1

I have a large json data file with 3.7gb. Iam going to load the json file to dataframe and delete unused columns than convert it to csv and load to sql. ram is 40gb My json file structure

{"a":"Ho Chi Minh City, Vietnam","gender":"female","t":"841675194476","id":"100012998502085","n":"Lee Mến"}
{"t":"84945474479","id":"100012998505399","n":"Hoàng Giagia"}
{"t":"841679770421","id":"100012998505466","n":"Thoại Mỹ"}

I try to load data but it fails because of out of memory

data_phone=[]
with open('data.json', 'r', encoding="UTF-8") as f:
    numbers = ijson.items(f, 't',multiple_values=True)
    for num in numbers :
        data_phone.append(num)

It shows errors

Out of memory

I try another way

import json fb_data={} i=1

with open('output.csv', 'w') as csv_file:
    with open("Vietnam_Facebook_Scrape.json", encoding="UTF-8") as json_file:
        for line in json_file:
            data = json.loads(line)
            try:
                csv_file.write('; '.join([str(i),"/",data["t"],data["fbid"]]))
            except:
                pass

Then I convert from csv to sql, it still show error "MemoryError:"

con = db.connect("fbproject.db")
cur = con.cursor()
with open('output.csv', 'r',encoding="UTF-8") as csv_file:
    for item in csv_file:
        cur.execute('insert into fbdata values (?)', (item,))
con.commit()
con.close()

Thanks for reading

  • ijson exists for precisely this purpose, but it would be easier to help you if you showed us the format of your json data – joao Feb 06 '21 at 17:04
  • Why do you need to create the list and the data frame at all? – juanpa.arrivillaga Feb 06 '21 at 17:06
  • @joao I just update my data structure.
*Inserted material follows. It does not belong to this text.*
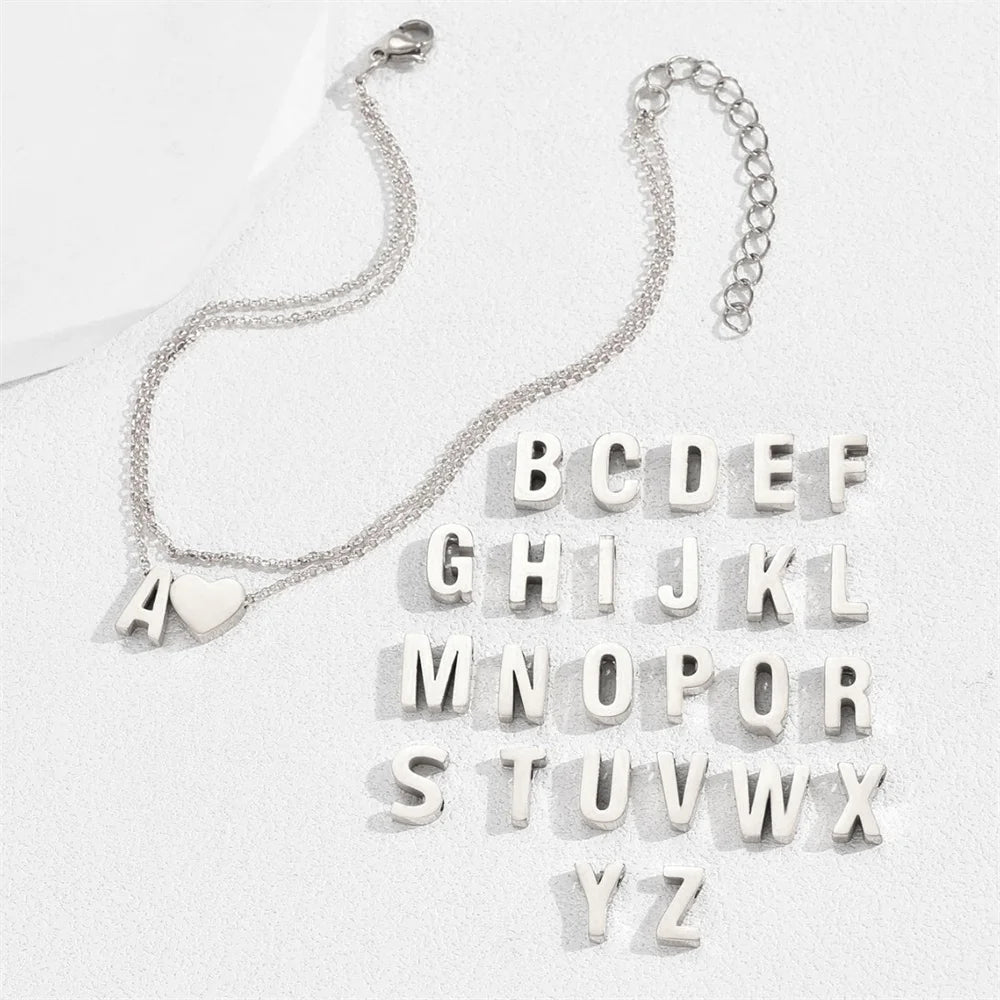 BOHOLYX -
 Boho enkelbandjes met 26 letters AZ van roestvrij staal voor dames, eenvoudige enkelbandjes met hartje, enkelbandjes voor op het strand, zomeraccessoires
I can handle the same issue with a json file has 500mb, but the large file is 3.7gb, it show error – Dinh Truong Anh Phuong Feb 06 '21 at 17:31
  • @juanpa.arrivillaga my final purpose is load data to django. Step1 read json file, Step 2 load to dataframe, Step 3 save file as a csv, Step 4 load csv to sql, Step 5 load data to django to search – Dinh Truong Anh Phuong Feb 06 '21 at 17:33
  • 2
    @DinhTruongAnhPhuong that isn't answering my question. Why does it need to be a dataframe or a list? You are trying to ultimately write a csv file. Just create the csv file as you iterate over the json. – juanpa.arrivillaga Feb 06 '21 at 17:44

1 Answers1

3

Your proposal is:

  • Step 1 read json file
  • Step 2 load to dataframe
  • Step 3 save file as a csv
  • Step 4 load csv to sql
  • Step 5 load data to django to search

The problem with your second example is that you still use global lists (data_phone, data_name), which grow over time.

Here's what you should try, for huge files:

  • Step 1 read json
    • line by line
    • do not save any data into a global list
    • write data directly into SQL
  • Step 2 Add indexes to your database
  • Step 3 use SQL from django

You don't need to write anything to CSV. If you really want to, you could simply write the file line by line:

import json
with open('output.csv', 'w') as csv_file:
    with open("Vietnam_Facebook_Scrape.json", encoding="UTF-8") as json_file:
        for line in json_file:
            data = json.loads(line)
            csv_file.write(';'.join([data['id'], data['t']]))

Here's a question which might help you (Python and SQLite: insert into table), in order to write to a database row by row.

If you want to use your CSV instead, be sure that the program you use to convert CSV to SQL doesn't read the whole file but parse it line by line or in batch.

Eric Duminil
  • 52,989
  • 9
  • 71
  • 124